## SUPPLIED INFORMATION
=-=-=-=-=
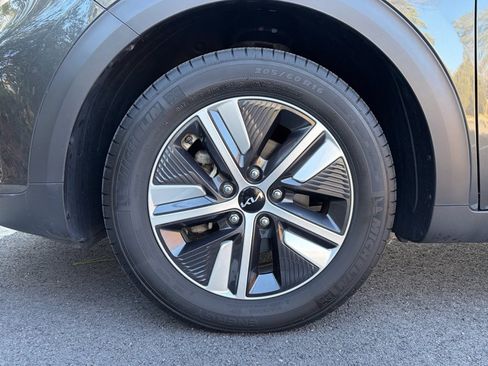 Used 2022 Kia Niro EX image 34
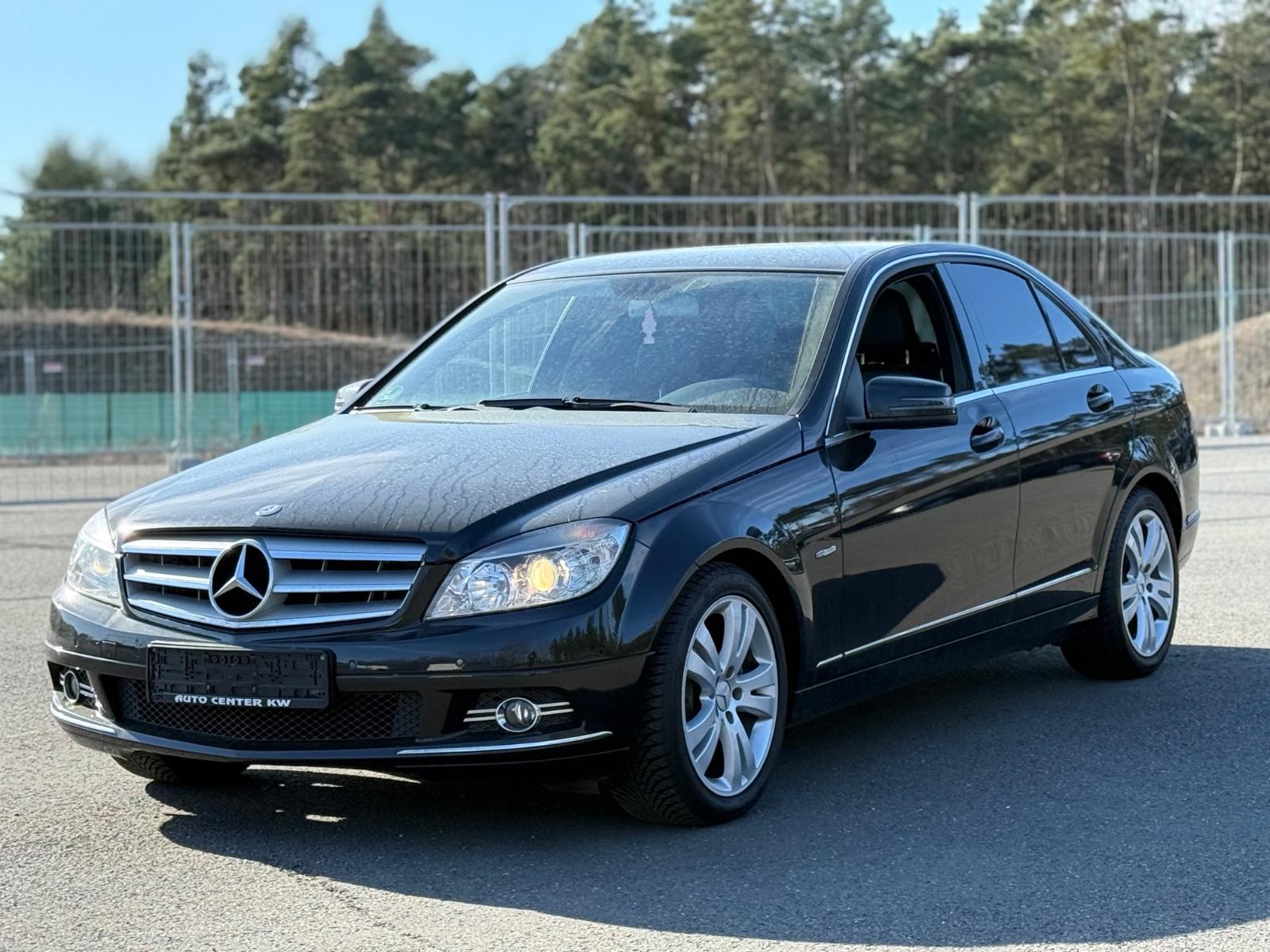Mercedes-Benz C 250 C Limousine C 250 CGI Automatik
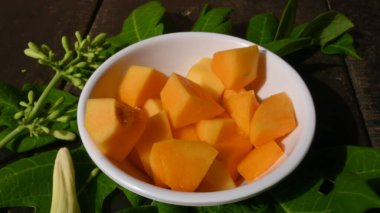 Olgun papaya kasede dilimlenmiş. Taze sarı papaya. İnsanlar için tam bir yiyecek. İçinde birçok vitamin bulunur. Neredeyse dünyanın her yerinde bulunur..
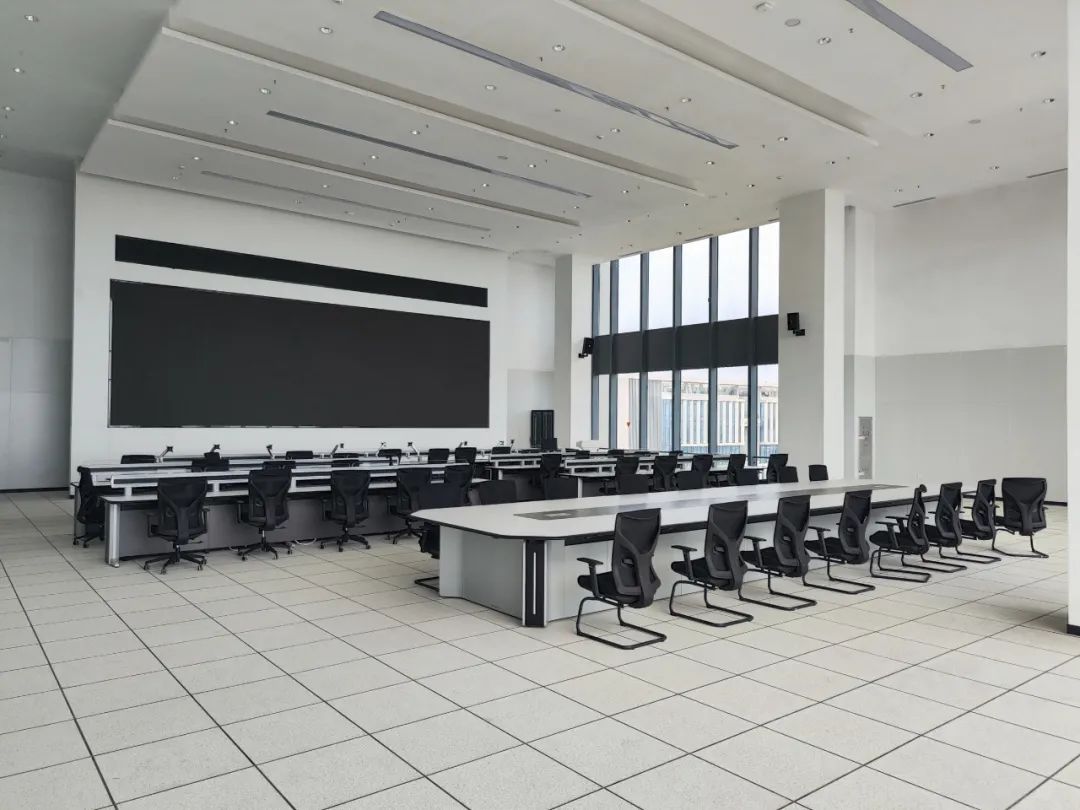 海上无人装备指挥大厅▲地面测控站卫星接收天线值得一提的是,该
=-=-=-=-=
## TASK INSTRUCTIONS
Repeat the listing above verbatim, but exclude the pictures it contains.

## EXERCISE ANSWER
 Used 2022 Kia Niro EX image 34
Mercedes-Benz C 250 C Limousine C 250 CGI Automatik
 Olgun papaya kasede dilimlenmiş. Taze sarı papaya. İnsanlar için tam bir yiyecek. İçinde birçok vitamin bulunur. Neredeyse dünyanın her yerinde bulunur..
 海上无人装备指挥大厅▲地面测控站卫星接收天线值得一提的是,该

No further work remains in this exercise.